CAPÍTULO 20
PRIMERA RONDA
El viaje de Marc de regreso al centro de Madrid en helicóptero fue rápido, incluso con la polizonte de última hora, que había decidido acompañarle bajo el pretexto de estar cansada de cómo se llevaban las cosas por parte de sus superiores en la base: Esto es peor que una dictadura. Estoy rodeada de chiflados, cobardes y zombis —adujo la teniente Mirella justo antes de subir por sorpresa al helicóptero, en el momento en que este se disponía a elevar el vuelo. Marc se alegró, y no solo por motivos que pudieran ir más allá de lo estrictamente profesional, sino porque necesitaba gente en la que poder confiar si quería tener una mínima posibilidad de éxito en la complicada misión que se le presentaba.
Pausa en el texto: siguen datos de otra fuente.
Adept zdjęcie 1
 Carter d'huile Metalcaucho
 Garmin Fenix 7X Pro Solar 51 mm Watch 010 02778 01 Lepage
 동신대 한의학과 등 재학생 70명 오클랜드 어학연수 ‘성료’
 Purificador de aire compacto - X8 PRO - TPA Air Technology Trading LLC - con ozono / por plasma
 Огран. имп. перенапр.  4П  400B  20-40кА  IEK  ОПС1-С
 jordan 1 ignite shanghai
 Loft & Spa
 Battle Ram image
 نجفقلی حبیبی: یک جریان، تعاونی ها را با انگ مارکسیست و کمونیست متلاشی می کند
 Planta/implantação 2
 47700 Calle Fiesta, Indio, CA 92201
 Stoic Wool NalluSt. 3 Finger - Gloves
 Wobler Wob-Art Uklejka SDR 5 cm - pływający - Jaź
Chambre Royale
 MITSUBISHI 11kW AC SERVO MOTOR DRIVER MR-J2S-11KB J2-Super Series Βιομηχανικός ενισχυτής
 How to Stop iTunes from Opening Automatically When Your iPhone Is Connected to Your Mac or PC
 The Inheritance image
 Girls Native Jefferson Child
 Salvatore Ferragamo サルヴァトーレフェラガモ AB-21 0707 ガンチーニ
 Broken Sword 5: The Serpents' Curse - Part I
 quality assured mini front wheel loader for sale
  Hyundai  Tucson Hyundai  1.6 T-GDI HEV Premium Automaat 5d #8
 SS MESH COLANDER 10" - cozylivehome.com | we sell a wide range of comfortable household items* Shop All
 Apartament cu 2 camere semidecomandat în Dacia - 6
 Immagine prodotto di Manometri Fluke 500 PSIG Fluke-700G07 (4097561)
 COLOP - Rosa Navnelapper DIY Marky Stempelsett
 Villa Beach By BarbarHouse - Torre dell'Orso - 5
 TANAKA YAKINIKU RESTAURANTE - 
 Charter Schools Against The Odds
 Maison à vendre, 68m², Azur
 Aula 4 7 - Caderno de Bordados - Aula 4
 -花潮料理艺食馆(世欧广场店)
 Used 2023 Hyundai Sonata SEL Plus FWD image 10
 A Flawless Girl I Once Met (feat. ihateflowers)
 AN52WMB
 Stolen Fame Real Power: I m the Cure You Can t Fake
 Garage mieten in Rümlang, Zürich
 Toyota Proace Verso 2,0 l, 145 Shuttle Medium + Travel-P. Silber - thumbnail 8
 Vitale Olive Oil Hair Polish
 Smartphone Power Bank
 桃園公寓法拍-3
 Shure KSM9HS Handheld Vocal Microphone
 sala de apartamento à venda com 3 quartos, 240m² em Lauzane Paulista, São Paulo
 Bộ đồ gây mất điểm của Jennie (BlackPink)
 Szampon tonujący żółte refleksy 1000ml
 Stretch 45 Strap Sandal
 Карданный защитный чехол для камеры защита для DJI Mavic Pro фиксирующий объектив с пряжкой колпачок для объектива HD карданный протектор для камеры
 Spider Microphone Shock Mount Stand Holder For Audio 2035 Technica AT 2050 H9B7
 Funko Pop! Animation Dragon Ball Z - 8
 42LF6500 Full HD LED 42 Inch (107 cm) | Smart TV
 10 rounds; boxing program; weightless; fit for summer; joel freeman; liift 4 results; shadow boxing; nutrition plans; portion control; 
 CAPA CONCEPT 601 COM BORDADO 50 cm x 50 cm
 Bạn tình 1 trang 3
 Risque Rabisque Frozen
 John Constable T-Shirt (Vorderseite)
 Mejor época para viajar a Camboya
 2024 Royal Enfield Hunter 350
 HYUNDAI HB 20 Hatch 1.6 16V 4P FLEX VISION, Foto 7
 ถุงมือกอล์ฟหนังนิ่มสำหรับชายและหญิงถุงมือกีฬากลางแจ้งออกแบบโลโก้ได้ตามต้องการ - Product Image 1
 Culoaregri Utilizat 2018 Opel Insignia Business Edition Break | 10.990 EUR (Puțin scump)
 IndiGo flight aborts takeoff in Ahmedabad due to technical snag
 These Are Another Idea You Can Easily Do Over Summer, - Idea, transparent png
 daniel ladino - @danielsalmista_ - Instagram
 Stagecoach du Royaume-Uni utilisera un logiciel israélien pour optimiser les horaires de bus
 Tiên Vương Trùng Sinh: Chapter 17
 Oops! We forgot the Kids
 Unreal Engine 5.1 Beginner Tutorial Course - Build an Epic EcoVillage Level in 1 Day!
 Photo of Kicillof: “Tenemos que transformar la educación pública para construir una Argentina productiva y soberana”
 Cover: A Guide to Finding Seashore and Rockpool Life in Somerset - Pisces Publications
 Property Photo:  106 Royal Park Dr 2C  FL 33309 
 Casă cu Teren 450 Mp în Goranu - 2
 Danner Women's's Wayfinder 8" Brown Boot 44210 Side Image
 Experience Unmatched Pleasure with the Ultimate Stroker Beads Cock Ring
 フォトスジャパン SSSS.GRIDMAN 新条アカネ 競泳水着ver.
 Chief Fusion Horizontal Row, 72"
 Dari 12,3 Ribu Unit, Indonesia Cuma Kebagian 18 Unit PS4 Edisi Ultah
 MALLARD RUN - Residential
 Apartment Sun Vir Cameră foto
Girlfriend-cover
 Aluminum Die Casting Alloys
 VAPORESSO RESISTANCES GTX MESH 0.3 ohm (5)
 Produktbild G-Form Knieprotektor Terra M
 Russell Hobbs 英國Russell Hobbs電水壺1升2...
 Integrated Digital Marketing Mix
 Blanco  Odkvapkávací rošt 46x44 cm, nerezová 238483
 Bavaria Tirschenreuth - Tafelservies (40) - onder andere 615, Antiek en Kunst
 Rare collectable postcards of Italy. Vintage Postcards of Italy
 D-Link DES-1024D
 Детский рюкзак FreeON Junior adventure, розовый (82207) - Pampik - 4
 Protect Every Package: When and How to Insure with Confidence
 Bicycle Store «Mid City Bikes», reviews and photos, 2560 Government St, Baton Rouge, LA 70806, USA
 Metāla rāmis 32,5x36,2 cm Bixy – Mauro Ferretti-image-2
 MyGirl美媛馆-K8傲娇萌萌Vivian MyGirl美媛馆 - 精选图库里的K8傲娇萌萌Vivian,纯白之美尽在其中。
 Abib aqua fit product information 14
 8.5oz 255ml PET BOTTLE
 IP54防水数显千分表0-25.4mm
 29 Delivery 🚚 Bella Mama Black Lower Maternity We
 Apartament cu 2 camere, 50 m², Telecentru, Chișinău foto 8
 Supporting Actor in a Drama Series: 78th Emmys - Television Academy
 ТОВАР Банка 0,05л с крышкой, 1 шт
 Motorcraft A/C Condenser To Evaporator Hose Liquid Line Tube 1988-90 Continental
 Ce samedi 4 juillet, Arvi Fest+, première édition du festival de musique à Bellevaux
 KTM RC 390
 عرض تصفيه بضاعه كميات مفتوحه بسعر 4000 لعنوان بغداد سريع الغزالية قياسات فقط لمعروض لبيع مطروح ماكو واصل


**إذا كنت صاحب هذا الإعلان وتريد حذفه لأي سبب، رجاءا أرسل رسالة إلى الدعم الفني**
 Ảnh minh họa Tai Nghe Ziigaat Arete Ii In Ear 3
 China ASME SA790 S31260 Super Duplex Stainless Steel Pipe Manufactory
De nuevo, desde el aire, y a pesar de la oscuridad de la noche que caía sobre ellos, pudo ver en qué situación se encontraban. Los zombis ya comenzaban a campar a sus anchas por los arrabales de Madrid, caminando de un sitio a otro y dando cuenta de un pobre desgraciado que, creyéndose más listo que los demás, había decidido no buscar refugio y salir a saquear todo cuanto pudiera, para sacar beneficio de aquella situación.
La gente observaba con impotencia la escena desde las ventanas, con la incertidumbre de no saber qué iba a suceder con sus vidas en el futuro cercano. ¿Podrían volver algún día a la vida normal y pasear por aquellas calles, o estaban condenados a morir de inanición, enfermedad o locura en aquellas tumbas para vivos en que se habían convertido sus hogares? Aquella situación le recordaba a Marc las escenas que había vivido en Mallorca, cuando la invasión inicial de los zombis acabó con la ciudad de Palma completamente sitiada y a merced de aquellas criaturas.
Al cabo de unos minutos pudo comprobar cuán cerca estaban ya algunos zombis del parque del Retiro. Se encontraban cruzando la Avenida de la Paz. Algunos bajaban ya por la de Alcalá desde la Monumental a buen ritmo, con los zombis correosos a modo de avanzadilla, dejando desconcertados por completo a cuantos curiosos se encontraban observando la situación. Más de uno de los confiados ciudadanos madrileños, mientras observaba la procesión por la ventaba abierta de su primer piso, veía cómo uno de aquellos seres, de un salto, se encaramaba hasta el alféizar sobre el que se apoyaba y acababa penetrando en su vivienda, dejando un rastro de muerte y desolación a su paso. Desde luego, aquellos seres malditos parecían jodidas arañas que trepaban a una velocidad increíble para atrapar y despedazar a sus incautas presas.
Por fin, una vez en tierra, Marc advirtió a sus hombres.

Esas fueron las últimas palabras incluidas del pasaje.